“好的,小舞姑娘!我等便在这附近守着,有事您叫一声就好!”勇士领队高声回道。
得到回应的“闻武”看了看大师兄,将酒葫芦从包裹中取出,饮了一大口,等了会,微微一愣,随即又是一大口,压了压酒气后,这才慢悠悠躺下抱住了墨烟雨的肩膀。
下一刻,车厢内开始萦绕着淡淡的粉气,而墨烟雨伤口处的灰气也伴着身体中飘出来的淡红色气体缓慢的被“闻武”吸收着,那些已经延伸到他脸颊上的蛛网痕迹也在逐渐消退着。
精神体闻武就这么看着自己在外界忙里忙外的,又见确实有效果后,也没了羞耻的心情,脑子里便开始思考着红团和粉团以及自己的黑鱼胎记的特点。
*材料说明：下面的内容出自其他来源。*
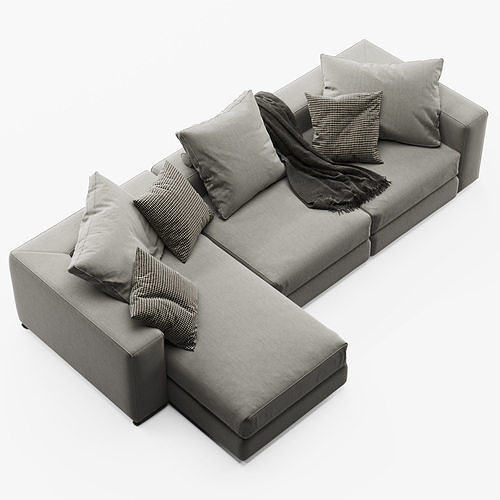 Ananta Class Sofa 3D model 3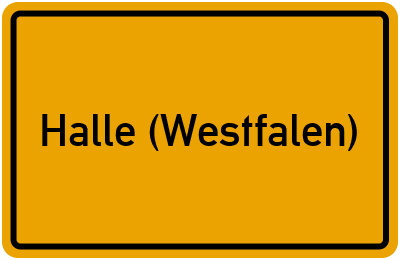 Branchenbuch Halle (Westfalen), Nordrhein-Westfalen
红团一直以来都坚称“她”就是自己!一开始力量的确很强大,而且确实给自己的感觉很邪恶阴冷,并且做法也确实很残暴。
自己稍有不慎,吸入红线,便会唤醒“她”与自己争夺身体。
而现如今却在自己面前显得那么的弱,乏力的黑球只释放出的一点黑金丝线便可刺痛“她”,这还不止,刚才自己放权身体后,也与以往有所不同,就好像有一种随时可以拿回来的感觉,特别轻松。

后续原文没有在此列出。